As someone who lost many loved ones to cancer, I always thought on some level I understood the struggle, both physical and emotional that they endured.
And then one day I got the diagnosis: invasive breast cancer. I was 49, a wife and mother to three young daughters. I quickly realized that I understood nothing about what my loved ones endured. I was scared not so much by the thought of a mastectomy and chemo, but about dying. I quickly went into survivor mode and almost existed outside myself. It felt like I watched myself make decisions about treatments, have surgery, go for chemotherapy and lose my hair.
Inside I was very fragile, but to my children and to my family I kept my chin up and sent the message that I was just fine. By the time 14 months of treatment were through, I was watching a woman I no longer recognized and could not bear to look at in the mirror. I was depressed (although at that time I could not put a name to it) and I could not imagine how I would ever feel good about myself again.
My husband kept saying, "It's over honey, now we can go back to normal and get our life back." What he did not realize is that even for those like me who are given the sweet news of remission, there is no going back to the way things were. I did not go through cancer treatment and remain the same person, and I don't know how anyone really could. Not only are you changed physically, but you are changed emotionally and mentally.

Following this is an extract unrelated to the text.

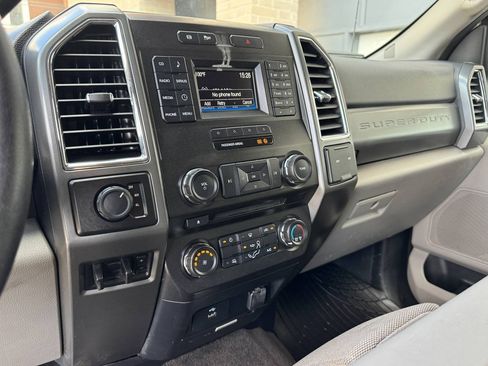 Used 2017 Ford F250 XLT AWD/4WD image 28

I found it was hard not to worry about the cancer returning, I did not know how to jump back into my life without having to go to the hospital every week, as that had become my "new normal" during treatment. I did not know how to make peace with the physical changes that had taken place. I had implants that felt cumbersome and left me with chills and spasms. I had gained weight from all the drugs, and I was left feeling like a shell of what I had been. I truly did not know how to be me anymore, and I struggled with all I believed I lost.

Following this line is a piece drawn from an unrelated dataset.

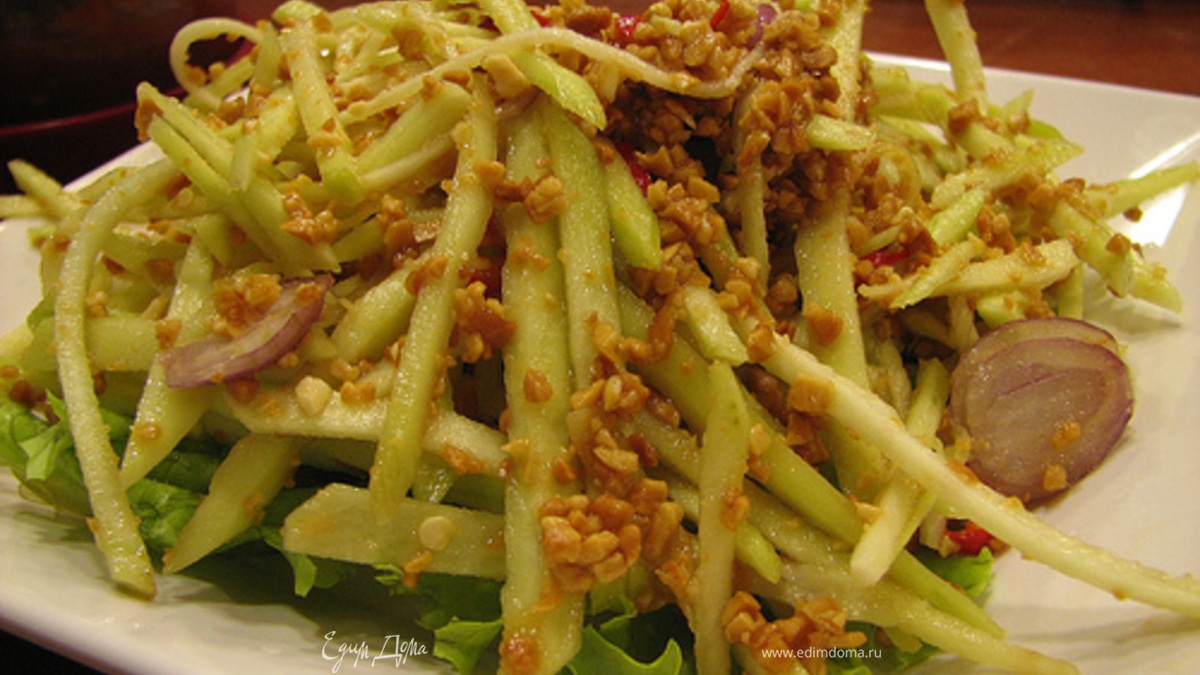 Тайский салат с манго и арахисом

All of a sudden, I was not afraid to die— I was afraid I did not remember how to live. It took months for the cobwebs to clear my brain, for the chemotherapy toxins to really leave my body. Slowly, I realized that to truly be a survivor, I had to readjust my expectations of myself. I was not going to be the person I was before, I could not be—but I could be so much more. I had handled one of the most difficult experiences a person can go through, and I did not crumble. I called upon strength I did not know I had, and in that strength I found beauty in myself again.